Задания первого секретаря райкома по анонимкам Иван Михайлович решал, слава Богу, с легкостью.
Узнать заявительницу в узком окружении руководящих и ответственных работников первого лаготделения не так и трудно, обо всех, кто бывал на "чашке чая", Михайлов знал от своего осведомителя, заключенного Мельникова, исполняющего роль домработника у начальника первого лаготделения Драницына.
Уже на следующий день несчастная Монова, бухгалтер лаготделения, насмерть перепуганная и всласть обрыдавшаяся, прямо в кабинетике младшего лейтенанта Михайлова писала на имя первого секретаря товарища Елисеева покаянное заявление о том, что послала анонимку, пользуясь непроверенными данными, под влиянием сильного нервного расстройства и оклеветала ответственных и руководящих работников. В содеянном раскаивается, обвинения в пьянстве и бытовом разложении снимает: "В компании Драницына, Лыкова, Тутаева и Гринберга я никогда не была, в не однократных гулянках не участвовала, и как они пьянствуют, я не знаю. Но знаю партийцев, которые поют в их сторону".
Как и полагается, положив на стол первому секретарю РК ВКП(б) покаянное заявление разоблаченной анонимщицы, младший лейтенант госбезопасности выслушал сдержанную похвалу за скорую и четкую работу.
- Спасибо, Иван Михайлович, все четко. Я так и думал, бабьи сплетни да еще ревность, что ее не позвали. С Драницыным я поговорю. У него рабсила, а мне в этом году к осени дорогу на Пулозеро до ума доводить. Электростанцию пускать. Не пущу, головы не сносить. А тут еще грязными склоками приходится заниматься… Голова трещит. Церковь надо закрывать, в церкви клуб устроим, подписи никак не могут собрать…

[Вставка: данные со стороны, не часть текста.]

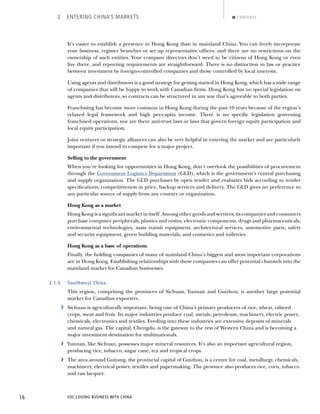 EDC | DOING BUSINESS WITH CHINA16
2 ENTERING CHINA’S MARKETS CONTENTS
It’s easier to establish a presence in Hong Kong than in mainland China. You can freely incorporate
your business, register branches or set up representative ofﬁces, and there are no restrictions on the
ownership of such entities. Your company directors don’t need to be citizens of Hong Kong or even
live there, and reporting requirements are straightforward. There is no distinction in law or practice
between investment by foreign-controlled companies and those controlled by local interests.
Using agents and distributors is a good strategy for getting started in Hong Kong, which has a wide range
of companies that will be happy to work with Canadian ﬁrms. Hong Kong has no special legislation on
agents and distributors, so contracts can be structured in any way that’s agreeable to both parties.
Franchising has become more common in Hong Kong during the past 10 years because of the region’s
relaxed legal framework and high per-capita income. There is no speciﬁc legislation governing
franchised operations, nor are there anti-trust laws or laws that govern foreign equity participation and
local equity participation.
Joint ventures or strategic alliances can also be very helpful in entering the market and are particularly
important if you intend to compete for a major project.
Selling to the government
When you’re looking for opportunities in Hong Kong, don’t overlook the possibilities of procurement
through the Government Logistics Department (GLD), which is the government’s central purchasing
and supply organization. The GLD purchases by open tender and evaluates bids according to tender
speciﬁcations, competitiveness in price, backup services and delivery. The GLD gives no preference to
any particular source of supply from any country or organization.
Hong Kong as a market
Hong Kong is a signiﬁcant market in itself. Among other goods and services, its companies and consumers
purchase computer peripherals, plastics and resins, electronic components, drugs and pharmaceuticals,
environmental technologies, mass transit equipment, architectural services, automotive parts, safety
and security equipment, green building materials, and cosmetics and toiletries.
Hong Kong as a base of operations
Finally, the holding companies of many of mainland China’s biggest and most important corporations
are in Hong Kong. Establishing relationships with these companies can offer potential channels into the
mainland market for Canadian businesses.
2.1.5 Southwest China
This region, comprising the provinces of Sichuan, Yunnan and Guizhou, is another large potential
market for Canadian exporters.
› Sichuan is agriculturally important, being one of China’s primary producers of rice, wheat, oilseed
crops, meat and fruit. Its major industries produce coal, metals, petroleum, machinery, electric power,
chemicals, electronics and textiles. Feeding into these industries are extensive deposits of minerals
and natural gas. The capital, Chengdu, is the gateway to the rest of Western China and is becoming a
major investment destination for multinationals.
› Yunnan, like Sichuan, possesses major mineral resources. It’s also an important agricultural region,
producing rice, tobacco, sugar cane, tea and tropical crops.
› The area around Guiyang, the provincial capital of Guizhou, is a centre for coal, metallurgy, chemicals,
machinery, electrical power, textiles and papermaking. The province also produces rice, corn, tobacco
and raw lacquer.
BACK NEXT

- Да уж, - поддакнул младший лейтенант первому секретарю, - крепко здесь поп со своим подпевалой Поликарпом Рочевым ладаном головы гражданам обкурили.
- Вроде удается народ к клубу склонить, хотят и радио слушать, и кино смотреть, так пристают: а как же крестить, а как же отпевать?
- А как на Воронье, - подсказал офицер госбезопасности. - Там договорились, что к ним будут возить попа из лагеря, раз без крещения и отпевания еще жить не привыкли. Спросите у того же Драницына, у него в лагере этих попов на любой вкус и любую веру.
- Пожалуй… Мысль хорошая, - раздумчиво сказал товарищ Елисеев. - Хитер у нас народ на выдумки.
Иван Михайлович вернулся к себе и, несмотря на поздний час, тут же написал в Москву, в ГУЛАГ, прямо на имя Наседкина, о сигналах, полученных на Драницына и его "группу". Заодно сообщалось и о том, что секретарь райкома Елисеев о событиях на первом лаготделении информирован, но по партийной линии мер также не принял. В Мурманск писать Михайлов не стал, опасаясь, что у Елисеева, пришедшего из окружкома на райком, там должна быть поддержка.
Иван Михайлович, несколько раз дававший понять Драницыну, дескать, тоже любит "чайку попить", но приглашения не получивший, не забыл и об упущениях по службе: "О служебных упущениях начальника 1-го Лаготделения могу иллюстрировать следующее. За т. Драницыным водятся административные перегибы, грубость по отношению к вольнонаемным сотрудникам, недопускаемые для советского руководителя методы рукоприкладства и запугивание заключенных, а также произвольное водворение в ШИЗО, что вызывает среди з/к уныние и страх и приводит к срыву плановых работ. Имеются случаи интимного сближения заключенных с работниками охраны и обслуги".
Иван Михайлович - работник опытный, а стало быть, до поры до времени лежит у него и в памяти, и в самодельном железном шкафу все необходимое, чтобы вскрыть лицо любого.
Вот так работает орденоносец Михайлов!
Уберут Драницына, может быть, следующий начальник лаготделения будет поумней и догадается, кто хозяин в Ловозере. А хозяин он, человек в скромной шинели, с подстежкой из невесомого гагачьего пуха из птичьего подбрюшья. Стеганая подкладка - подарок товарища по оружию из Кандалакши, для тепла и придания некоторой солидности невзрачной фигуре несгибаемого младшего лейтенанта.
- Иван Михайлович, что это вы в такой мороз да в шинельке?
- Работа у меня жаркая, она и греет.
От такого ответа и строгого взгляда Ивана Михайловича у спрашивающего, будь он хоть в тулупе, холодок пробегал по спине.
А еще Ивана Михайловича и в зной и в стужу согревала надежда, что придет его час, выпадет в конце-то концов и ему карта.
И выпала. В гостинице "Арктика", в Мурманске, где был открыт саамский заговор.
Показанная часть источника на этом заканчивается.